__WHAT YOU NEED TO DO__: Up to and including the line with "Image du produit", restate the material below word for word, beginning with its first line.

__MATERIAL FOR THE TASK__:
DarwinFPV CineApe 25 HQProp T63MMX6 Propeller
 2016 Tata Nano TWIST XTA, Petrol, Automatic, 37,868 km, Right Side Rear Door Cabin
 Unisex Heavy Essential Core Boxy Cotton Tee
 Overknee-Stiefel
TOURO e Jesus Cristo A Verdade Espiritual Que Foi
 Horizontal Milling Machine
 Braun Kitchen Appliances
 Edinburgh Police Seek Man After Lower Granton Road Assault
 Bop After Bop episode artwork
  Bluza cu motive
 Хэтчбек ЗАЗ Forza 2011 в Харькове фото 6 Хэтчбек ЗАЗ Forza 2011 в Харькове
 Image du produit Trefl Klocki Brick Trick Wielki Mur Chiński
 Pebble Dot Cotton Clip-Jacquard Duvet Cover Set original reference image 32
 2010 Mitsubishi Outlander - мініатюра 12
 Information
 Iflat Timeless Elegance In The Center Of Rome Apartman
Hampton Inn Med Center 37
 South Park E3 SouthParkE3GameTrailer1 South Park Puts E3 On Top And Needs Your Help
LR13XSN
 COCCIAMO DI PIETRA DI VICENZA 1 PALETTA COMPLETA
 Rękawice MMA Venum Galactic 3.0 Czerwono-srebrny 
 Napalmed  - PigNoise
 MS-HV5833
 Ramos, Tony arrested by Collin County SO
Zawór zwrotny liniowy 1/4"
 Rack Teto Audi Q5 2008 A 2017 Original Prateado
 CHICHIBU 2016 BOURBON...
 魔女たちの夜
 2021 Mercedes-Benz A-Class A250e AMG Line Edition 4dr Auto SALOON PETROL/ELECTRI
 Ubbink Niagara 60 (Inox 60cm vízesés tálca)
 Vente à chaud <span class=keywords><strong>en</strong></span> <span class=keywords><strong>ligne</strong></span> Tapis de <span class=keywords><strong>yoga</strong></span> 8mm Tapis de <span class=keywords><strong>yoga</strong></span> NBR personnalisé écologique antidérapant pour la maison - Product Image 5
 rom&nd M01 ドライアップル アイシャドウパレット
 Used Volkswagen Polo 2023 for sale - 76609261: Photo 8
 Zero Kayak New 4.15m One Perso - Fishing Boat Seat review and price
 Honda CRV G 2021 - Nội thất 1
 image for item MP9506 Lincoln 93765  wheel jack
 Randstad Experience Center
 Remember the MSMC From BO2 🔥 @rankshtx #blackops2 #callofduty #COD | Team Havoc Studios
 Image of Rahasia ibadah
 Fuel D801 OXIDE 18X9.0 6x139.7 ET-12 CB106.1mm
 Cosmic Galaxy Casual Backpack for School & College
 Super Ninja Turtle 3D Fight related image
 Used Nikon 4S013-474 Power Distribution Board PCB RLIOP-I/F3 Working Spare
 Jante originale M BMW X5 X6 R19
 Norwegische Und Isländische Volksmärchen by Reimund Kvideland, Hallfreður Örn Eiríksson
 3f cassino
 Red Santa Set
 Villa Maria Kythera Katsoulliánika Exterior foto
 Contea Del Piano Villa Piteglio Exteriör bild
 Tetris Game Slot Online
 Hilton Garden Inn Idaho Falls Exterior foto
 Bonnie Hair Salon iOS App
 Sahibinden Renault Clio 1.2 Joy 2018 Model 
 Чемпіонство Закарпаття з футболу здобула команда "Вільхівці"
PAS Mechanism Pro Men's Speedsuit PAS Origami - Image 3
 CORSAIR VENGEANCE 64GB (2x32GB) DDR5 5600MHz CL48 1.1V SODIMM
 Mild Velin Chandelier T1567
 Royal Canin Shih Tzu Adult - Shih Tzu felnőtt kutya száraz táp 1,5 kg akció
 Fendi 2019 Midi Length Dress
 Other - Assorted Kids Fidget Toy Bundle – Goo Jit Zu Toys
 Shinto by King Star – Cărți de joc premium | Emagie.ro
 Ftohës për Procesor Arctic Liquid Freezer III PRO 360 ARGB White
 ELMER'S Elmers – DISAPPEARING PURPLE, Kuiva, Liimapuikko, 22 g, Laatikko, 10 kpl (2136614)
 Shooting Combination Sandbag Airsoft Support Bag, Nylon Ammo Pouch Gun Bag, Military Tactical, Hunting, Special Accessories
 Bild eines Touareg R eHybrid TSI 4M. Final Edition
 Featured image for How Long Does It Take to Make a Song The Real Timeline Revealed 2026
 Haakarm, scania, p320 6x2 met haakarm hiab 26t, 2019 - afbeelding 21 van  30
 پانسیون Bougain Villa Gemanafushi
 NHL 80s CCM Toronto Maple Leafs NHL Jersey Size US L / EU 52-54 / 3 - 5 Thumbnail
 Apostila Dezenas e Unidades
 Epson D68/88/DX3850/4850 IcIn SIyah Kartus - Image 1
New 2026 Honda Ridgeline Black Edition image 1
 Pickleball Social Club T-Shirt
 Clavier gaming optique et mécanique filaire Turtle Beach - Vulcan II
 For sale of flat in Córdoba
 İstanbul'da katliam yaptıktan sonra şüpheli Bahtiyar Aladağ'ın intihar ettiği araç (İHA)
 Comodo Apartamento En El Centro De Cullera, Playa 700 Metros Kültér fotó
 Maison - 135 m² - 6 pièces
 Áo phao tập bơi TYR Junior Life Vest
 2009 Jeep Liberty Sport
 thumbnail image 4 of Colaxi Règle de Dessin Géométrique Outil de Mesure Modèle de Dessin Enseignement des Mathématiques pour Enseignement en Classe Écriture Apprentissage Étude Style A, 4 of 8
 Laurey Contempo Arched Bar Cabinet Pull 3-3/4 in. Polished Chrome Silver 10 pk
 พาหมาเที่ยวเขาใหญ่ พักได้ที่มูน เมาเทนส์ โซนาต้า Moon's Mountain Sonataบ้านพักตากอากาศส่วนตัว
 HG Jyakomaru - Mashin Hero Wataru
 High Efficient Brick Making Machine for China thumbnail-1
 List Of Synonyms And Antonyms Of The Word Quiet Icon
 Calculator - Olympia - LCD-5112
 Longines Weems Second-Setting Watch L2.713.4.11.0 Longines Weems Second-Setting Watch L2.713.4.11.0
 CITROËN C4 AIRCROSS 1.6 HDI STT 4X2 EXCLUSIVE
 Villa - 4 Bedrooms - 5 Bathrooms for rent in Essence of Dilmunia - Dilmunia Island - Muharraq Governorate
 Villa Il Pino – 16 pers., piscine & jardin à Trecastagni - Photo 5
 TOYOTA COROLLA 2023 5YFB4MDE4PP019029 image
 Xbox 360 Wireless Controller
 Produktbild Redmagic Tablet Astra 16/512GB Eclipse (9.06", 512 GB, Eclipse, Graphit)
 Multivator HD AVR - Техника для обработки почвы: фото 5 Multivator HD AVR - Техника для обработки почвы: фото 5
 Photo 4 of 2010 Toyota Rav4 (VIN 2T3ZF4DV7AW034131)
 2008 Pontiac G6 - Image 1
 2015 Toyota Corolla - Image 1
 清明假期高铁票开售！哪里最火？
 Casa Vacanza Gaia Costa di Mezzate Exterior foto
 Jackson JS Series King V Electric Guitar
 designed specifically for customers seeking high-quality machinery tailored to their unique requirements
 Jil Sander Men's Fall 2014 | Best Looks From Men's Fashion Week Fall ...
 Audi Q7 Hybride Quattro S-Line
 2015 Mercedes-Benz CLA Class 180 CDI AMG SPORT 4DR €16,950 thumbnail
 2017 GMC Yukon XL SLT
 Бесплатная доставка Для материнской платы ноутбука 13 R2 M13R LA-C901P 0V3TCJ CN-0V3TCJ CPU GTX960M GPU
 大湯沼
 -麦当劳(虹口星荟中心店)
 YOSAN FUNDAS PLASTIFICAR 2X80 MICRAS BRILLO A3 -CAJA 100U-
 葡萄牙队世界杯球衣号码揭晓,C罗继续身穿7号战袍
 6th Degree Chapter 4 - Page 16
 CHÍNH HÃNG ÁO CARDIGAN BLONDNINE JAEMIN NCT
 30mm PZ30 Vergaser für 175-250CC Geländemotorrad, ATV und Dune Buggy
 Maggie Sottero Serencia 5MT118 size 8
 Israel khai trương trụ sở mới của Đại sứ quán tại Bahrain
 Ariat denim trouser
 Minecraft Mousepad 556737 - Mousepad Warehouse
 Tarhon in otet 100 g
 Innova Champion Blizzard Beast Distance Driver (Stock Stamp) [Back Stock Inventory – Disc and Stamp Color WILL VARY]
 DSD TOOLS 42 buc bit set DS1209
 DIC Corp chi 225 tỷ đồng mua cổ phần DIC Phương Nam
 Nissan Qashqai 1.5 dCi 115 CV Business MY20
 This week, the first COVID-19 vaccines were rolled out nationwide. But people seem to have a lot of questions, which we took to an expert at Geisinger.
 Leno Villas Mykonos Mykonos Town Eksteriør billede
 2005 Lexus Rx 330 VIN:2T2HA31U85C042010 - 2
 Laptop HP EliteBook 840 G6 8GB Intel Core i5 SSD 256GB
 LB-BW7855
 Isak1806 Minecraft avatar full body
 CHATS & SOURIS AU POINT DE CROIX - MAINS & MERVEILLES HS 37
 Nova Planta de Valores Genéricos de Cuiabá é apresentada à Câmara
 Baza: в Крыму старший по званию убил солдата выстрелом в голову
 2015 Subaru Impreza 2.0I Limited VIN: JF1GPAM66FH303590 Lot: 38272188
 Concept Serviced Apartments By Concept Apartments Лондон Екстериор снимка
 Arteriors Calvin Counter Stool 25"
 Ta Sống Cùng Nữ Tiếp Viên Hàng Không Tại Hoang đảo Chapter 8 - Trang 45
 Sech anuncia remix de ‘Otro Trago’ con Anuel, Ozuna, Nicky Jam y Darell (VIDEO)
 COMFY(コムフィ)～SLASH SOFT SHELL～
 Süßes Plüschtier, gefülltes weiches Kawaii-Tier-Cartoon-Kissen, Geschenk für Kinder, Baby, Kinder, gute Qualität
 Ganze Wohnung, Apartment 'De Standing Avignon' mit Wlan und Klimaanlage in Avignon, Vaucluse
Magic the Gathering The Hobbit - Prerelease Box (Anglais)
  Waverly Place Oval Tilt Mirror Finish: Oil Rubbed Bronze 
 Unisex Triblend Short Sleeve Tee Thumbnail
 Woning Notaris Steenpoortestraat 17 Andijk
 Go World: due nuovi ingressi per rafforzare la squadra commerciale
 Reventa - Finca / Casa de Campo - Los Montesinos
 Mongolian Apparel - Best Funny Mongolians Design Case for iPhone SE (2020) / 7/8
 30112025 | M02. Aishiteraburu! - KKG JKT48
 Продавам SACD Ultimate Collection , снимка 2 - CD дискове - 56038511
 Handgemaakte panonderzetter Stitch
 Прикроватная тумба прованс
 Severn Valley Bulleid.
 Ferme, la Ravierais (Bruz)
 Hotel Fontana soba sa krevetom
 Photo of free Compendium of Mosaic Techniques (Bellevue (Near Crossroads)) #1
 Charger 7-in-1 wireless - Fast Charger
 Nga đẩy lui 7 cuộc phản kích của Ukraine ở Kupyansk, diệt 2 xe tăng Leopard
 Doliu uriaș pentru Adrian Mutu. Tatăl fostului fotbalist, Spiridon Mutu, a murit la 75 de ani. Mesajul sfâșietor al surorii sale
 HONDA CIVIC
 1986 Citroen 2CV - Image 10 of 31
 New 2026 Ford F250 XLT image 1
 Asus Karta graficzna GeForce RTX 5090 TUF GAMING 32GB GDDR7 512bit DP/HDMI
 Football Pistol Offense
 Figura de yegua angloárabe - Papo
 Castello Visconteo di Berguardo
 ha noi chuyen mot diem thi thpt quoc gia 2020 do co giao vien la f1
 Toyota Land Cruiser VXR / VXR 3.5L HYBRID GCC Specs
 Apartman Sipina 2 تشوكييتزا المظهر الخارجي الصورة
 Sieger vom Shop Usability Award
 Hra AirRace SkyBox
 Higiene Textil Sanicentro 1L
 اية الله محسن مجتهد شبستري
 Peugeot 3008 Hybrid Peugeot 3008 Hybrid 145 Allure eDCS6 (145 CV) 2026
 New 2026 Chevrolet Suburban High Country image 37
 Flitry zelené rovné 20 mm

__RESULT OF THIS EXERCISE__:
DarwinFPV CineApe 25 HQProp T63MMX6 Propeller
 2016 Tata Nano TWIST XTA, Petrol, Automatic, 37,868 km, Right Side Rear Door Cabin
 Unisex Heavy Essential Core Boxy Cotton Tee
 Overknee-Stiefel
TOURO e Jesus Cristo A Verdade Espiritual Que Foi
 Horizontal Milling Machine
 Braun Kitchen Appliances
 Edinburgh Police Seek Man After Lower Granton Road Assault
 Bop After Bop episode artwork
  Bluza cu motive
 Хэтчбек ЗАЗ Forza 2011 в Харькове фото 6 Хэтчбек ЗАЗ Forza 2011 в Харькове
 Image du produit Trefl Klocki Brick Trick Wielki Mur Chiński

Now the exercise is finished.